NOTE: parsedTree will be a root element (<ghost>) that will contain the whole document.

as of the generateDomTree() implementation:

async function generateDomTree(node, parent) {
    // since we don't have a starting element, we first create it.
    // from there on, we perform side-effects to copy the original node
    // then attach it to the parent.
    // this allow us to iterate over children.
    const nodeName = node.nodeName.toLowerCase();
    if (!parent) {
        parent = document.createElement('ghost');
    }

    let newElement; // this represents the SSR-ed version of the current node.

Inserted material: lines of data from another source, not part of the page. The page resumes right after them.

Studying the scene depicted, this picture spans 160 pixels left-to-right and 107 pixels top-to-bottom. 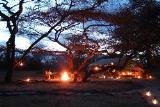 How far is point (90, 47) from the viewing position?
14883mm

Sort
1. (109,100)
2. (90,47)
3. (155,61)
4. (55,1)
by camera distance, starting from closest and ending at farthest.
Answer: (109,100)
(55,1)
(90,47)
(155,61)

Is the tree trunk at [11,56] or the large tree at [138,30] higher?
the large tree at [138,30]

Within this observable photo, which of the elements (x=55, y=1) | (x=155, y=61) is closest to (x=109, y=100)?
(x=55, y=1)

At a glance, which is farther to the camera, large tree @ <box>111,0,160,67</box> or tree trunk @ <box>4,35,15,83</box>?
large tree @ <box>111,0,160,67</box>

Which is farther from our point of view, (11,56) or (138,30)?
(138,30)

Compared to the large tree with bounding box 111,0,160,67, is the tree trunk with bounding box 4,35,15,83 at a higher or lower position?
lower

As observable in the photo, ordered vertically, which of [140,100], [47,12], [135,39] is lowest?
[140,100]

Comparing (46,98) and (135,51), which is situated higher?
(135,51)

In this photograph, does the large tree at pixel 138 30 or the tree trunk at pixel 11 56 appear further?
the large tree at pixel 138 30

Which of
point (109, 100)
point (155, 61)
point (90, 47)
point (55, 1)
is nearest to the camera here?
point (109, 100)

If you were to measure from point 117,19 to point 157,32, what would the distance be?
1.75 meters

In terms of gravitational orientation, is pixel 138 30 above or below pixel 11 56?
above

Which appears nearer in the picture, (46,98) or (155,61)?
(46,98)

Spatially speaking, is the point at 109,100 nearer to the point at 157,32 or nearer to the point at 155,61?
the point at 157,32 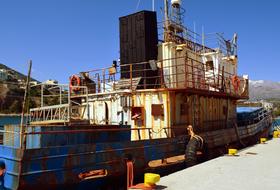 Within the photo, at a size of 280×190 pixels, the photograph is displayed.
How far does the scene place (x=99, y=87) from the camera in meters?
13.6

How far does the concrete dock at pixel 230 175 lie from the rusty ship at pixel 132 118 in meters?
1.28

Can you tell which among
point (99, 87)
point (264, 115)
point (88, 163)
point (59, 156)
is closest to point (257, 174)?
point (88, 163)

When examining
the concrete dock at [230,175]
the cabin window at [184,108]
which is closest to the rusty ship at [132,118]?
the cabin window at [184,108]

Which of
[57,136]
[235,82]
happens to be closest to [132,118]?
[57,136]

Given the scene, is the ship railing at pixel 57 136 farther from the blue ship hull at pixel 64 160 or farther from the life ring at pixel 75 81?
the life ring at pixel 75 81

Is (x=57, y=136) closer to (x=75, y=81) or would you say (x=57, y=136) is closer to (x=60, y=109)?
(x=60, y=109)

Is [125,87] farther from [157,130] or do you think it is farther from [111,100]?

    if (nodeName === '#text') {
        // nothing to do with text nodes
        newElement = node.cloneNode();
    } else if (componentToRendererMap[nodeName]) {
        const { createApp, render } = componentToRendererMap[nodeName];
        const renderedHTML = await render(createApp); // let's SSR our component

        newElement = document.createElement(nodeName);

        // once we parsed it, we can manipulate it easily.
        const SSRed = new DOMParser().parseFromString(renderedHTML, 'application/xml').documentElement;
        newElement.appendChild(SSRed);

        const slot = newElement.querySelector('slot'); // only 1 supported, no named slots

        if (slot) {
            // pass down children onto the <slot>
            const childNodes = [...node.childNodes];
            for (let childNode of childNodes) {
                await generateDomTree(childNode, slot);
            }
        }
        // it may happen that the HTML from the CMS has some children for a wc that has no slot.
        // such children are discarded.
    } else {
        // normal node
        newElement = document.createElement(nodeName);

        // pass down children
        const childNodes = [...node.childNodes];
        for (let childNode of childNodes) {
            await generateDomTree(childNode, newElement);
        }
    }

    // clone attributes for both normal node and our web component
    if (nodeName !== "#text") {
        const attributes = [...node.attributes];
        for (let attr of attributes) {
            newElement.setAttribute(attr.name, attr.value);
        }
    
    }

    // insert in new DOM
    parent.appendChild(newElement);

    return parent; // every return value is ignored but the 1st call's one (that contains the root 'ghost' element)
}

the code is pretty straightforward and clear to follow. NOTE: since document and DOMParser are browser-only features, we don't have them in NodeJS. to have them available here's how we use them via jsdom:

import * as jsdom from 'jsdom';

const { JSDOM } = jsdom
const DOM = new JSDOM();
global.DOMParser = DOM.window.DOMParser;
global.document = DOM.window.document;

final note: at the time of writing, only Chromium supports Declarative Shadow DOM. This should be fine for SEO but for Safari and Firefox a polyfill should be used. The implementation shouldn't change.